Iran’s oil shipping operator NITC is expanding its oil tanker fleet with the first of 12 supertankers to be delivered from China in May, fortuitous timing for the Opec member as Western sanctions force Tehran to rely more on its ships to export oil.
The new tankers, each capable of carrying two million barrels of crude, add much-needed capacity to NITC’s fleet at a time when the number of maritime firms willing to transport Iranian crude has dwindled significantly amid European sanctions.
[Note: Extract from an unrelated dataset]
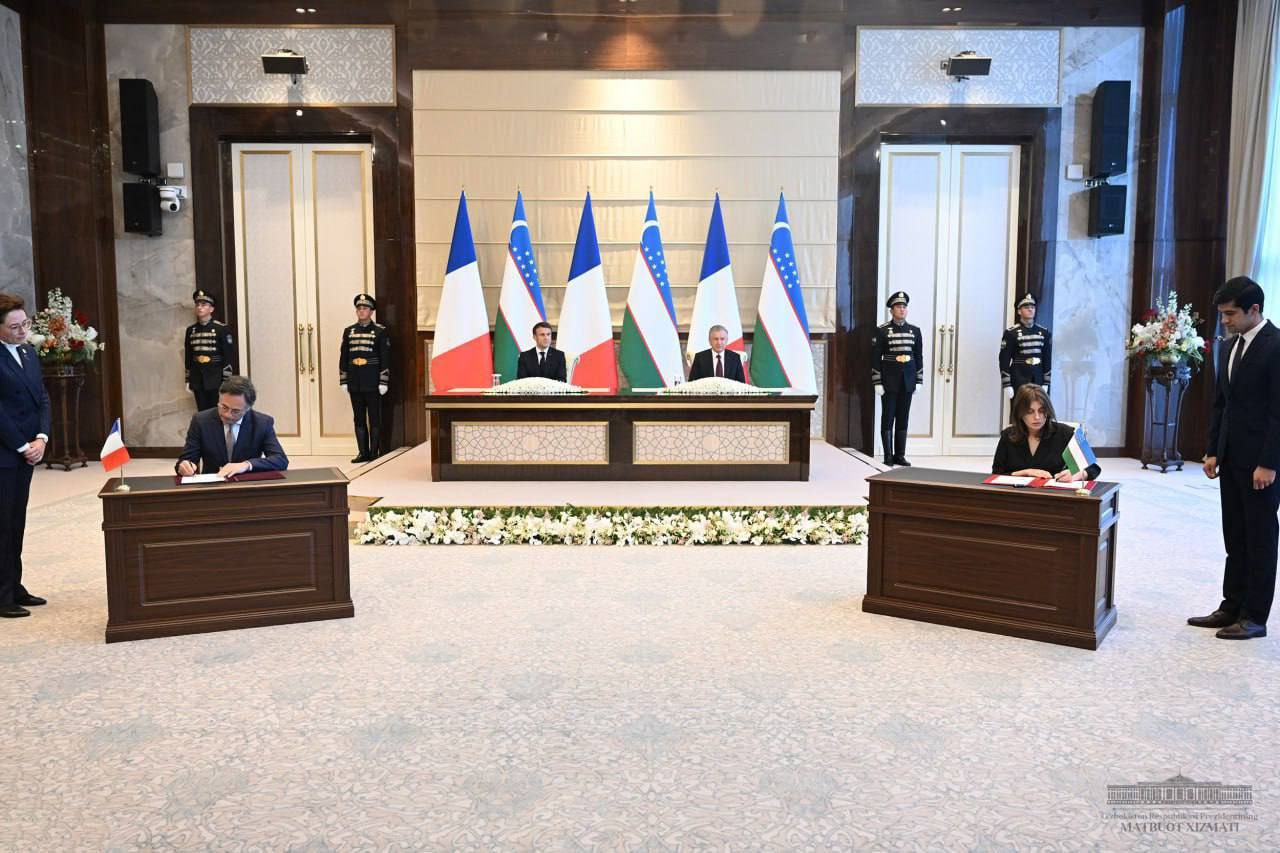 Макрон ва Мирзиёев қандай ҳужжатларга имзо қўйишди — рўйхат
The EU will prohibit European insurers and reinsurers from indemnifying tankers carrying Iranian crude oil anywhere in the world from July, threatening to curtail shipments and raise costs for major buyers like China, India, Japan and Korea.
Asian oil importers are lobbying European officials, who are expected to meet on the issue in mid-May, for exemptions to the sanctions. “These new tankers now carry more weight in this sanction environment,” said a Beijing-based oil executive with knowledge of these ships, adding that the first tanker with a capacity of 318,000 deadweight tonnes is named “Safe”. Another seven very large crude carriers are scheduled for delivery by the end of this year from two Chinese shipyards, and the remaining four are expected to be commissioned by the end of 2013 as part of a total contract worth $1.2 billion, industry executives told Reuters.
A second executive, with direct knowledge of the delivery programme, said the Western sanctions have not impacted the shipbuilding contract with Iran as payments from NITC so far have been received without much problem.